Barcellona
Sondra Radvanovsky in concerto
Un recital di Sondra Radvanovsky, che ha qui una grande quantità di ‘fans', era l'ultima attività lirica del Liceu nel 2016. Accompagnata molto discretamente al pianoforte da Anthony Maloni, la cantante, che tra altre spiegazioni ci faceva sapere che era diventata cittadina del Canada (brava), presentava un programma tutto suo in un ordine a dir poco curioso. Incominciava da Donizetti, con l'aria di sortita della protagonista di Maria Stuarda, dove la cabaletta non era facilissima, per passare a Vivaldi, con ‘Sposa son disperata' da Bajazet, aggiunta al programma all'ultimo minuto a dispetto di un raffreddore, ma in una versione noiosa, con i trilli appena accennati, che non contribuiva certo a capire cosa può dare una voce enorme come la sua al barocco. Seguivano poi quattro canzoni di Racmaninov, notissime ma oimè senza alcuna espressività, e la grande aria di Chimène da Le Cid di Massenet, che, pur non trattandosi di un Falcon o di un mezzo acuto, era il momento migliore della prima parte del concerto, che offriva in omaggio alla sua nuova patria.
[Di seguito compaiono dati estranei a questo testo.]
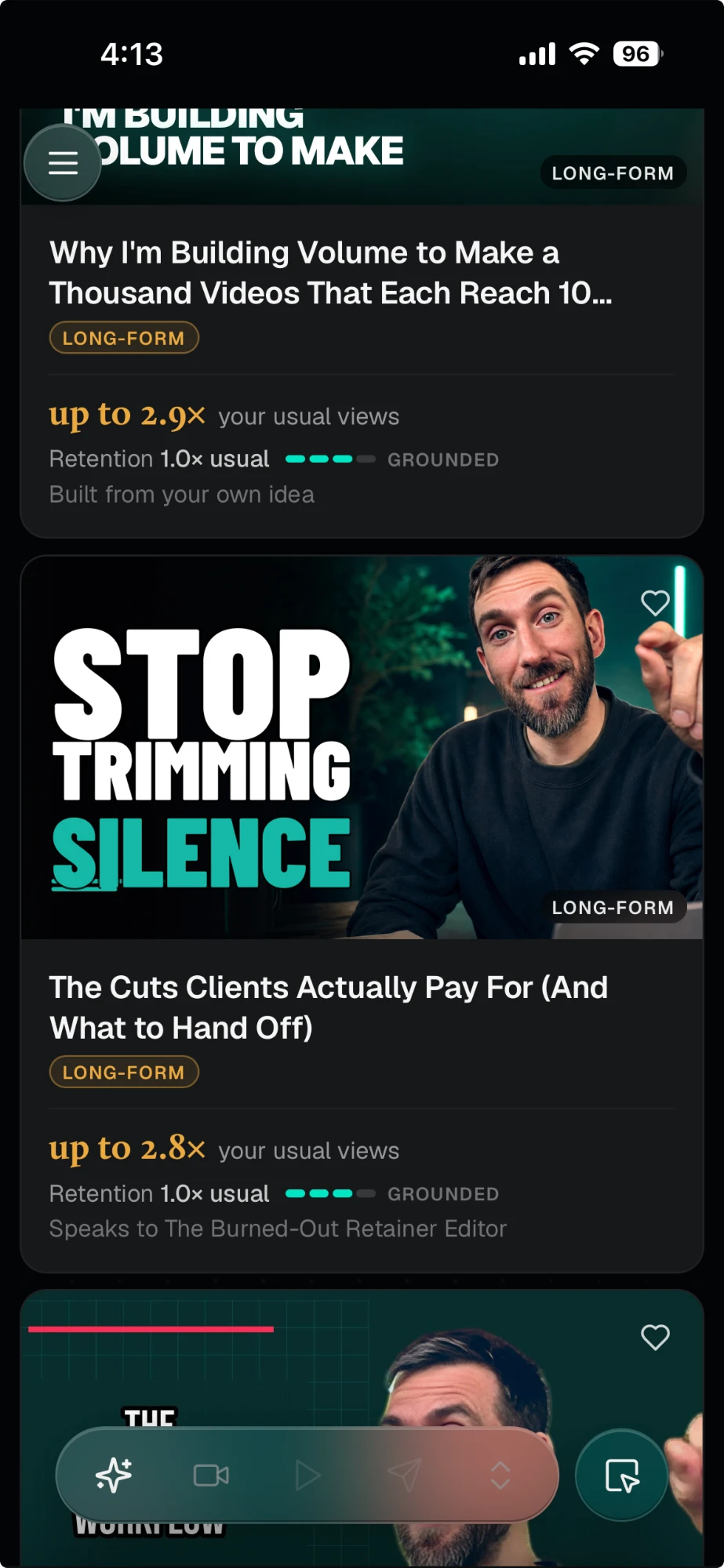 Volume Discover on mobile: opportunity cards with predicted views, retention confidence and ready-made thumbnails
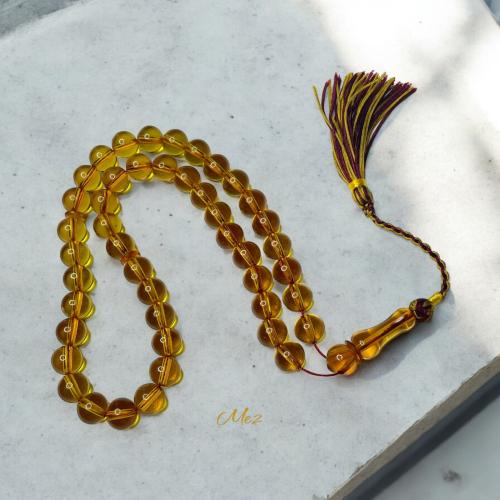Iranian saffron rosary, transparent, sound and ring, and its scent with a luxurious fabric tassel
Nella seconda parte, dopo tre canzoni di Bellini, dove l'interpretazione migliore era quella della seconda, ‘La ricordanza', praticamente ‘O rendetemi la speme' da I puritani con un altro testo, e per ricordare suo padre – il soprano ama intrattenersi con il pubblico in un inglese molto più comprensibile che quando canta in qualsiasi lingua – il canto alla luna dalla Rusalka di Dvorak, cantata e interpretata bene ma senza far dimenticare altre versioni del pezzo, anche recentissime, decisamente più interessanti. Finiva con tre delle ‘Old American Songs' di Copland (la migliore, ma poco emotiva, la notissima ‘At the river') e una versione molto buona – tranne che per le frasi che interessano la zona centrale della voce, sorda e debole – de ‘La mamma morta' da Andrea Chénier di Giordano. Nonostante il raffreddore di cui sopra sfoggiava in ogni momento i suoi acuti sempre un po' metallici, i suoi riuscitissimi pianissimi, un grave opaco ed artefatto e un fraseggio scontato. Il momento migliore arrivava con ‘Io son l'umile ancella' dall' Adriana Lecouvreur di Cilea, come primo numero fuori programma. Cantava ancora un'aria di opera, la sua nota versione, buona ma poco spontanea, del ‘Vissi d'arte' pucciniano, e anche due canzoni che sono venute a dimostrare che il suo centro è la parte più vulnerabile del suo strumento: una versione assolutamente prescindibile, se non per l'acuto finale, che suonò così assolutamente fuori posto, di ‘I could have danced all night' da My fair Lady di Löwe e una canzone ‘di Natale' di quelle che era solita cantare (molto meglio) Deanna Durbin, ‘Behind the lights of home', di Walter Jurmann, la cui vedova pare che abbia molto insistito perchè a sua volta la cantasse la Radvanovsky.
Jorge Binaghi
26/12/2016
La foto del servizio è di Antonio Bofill.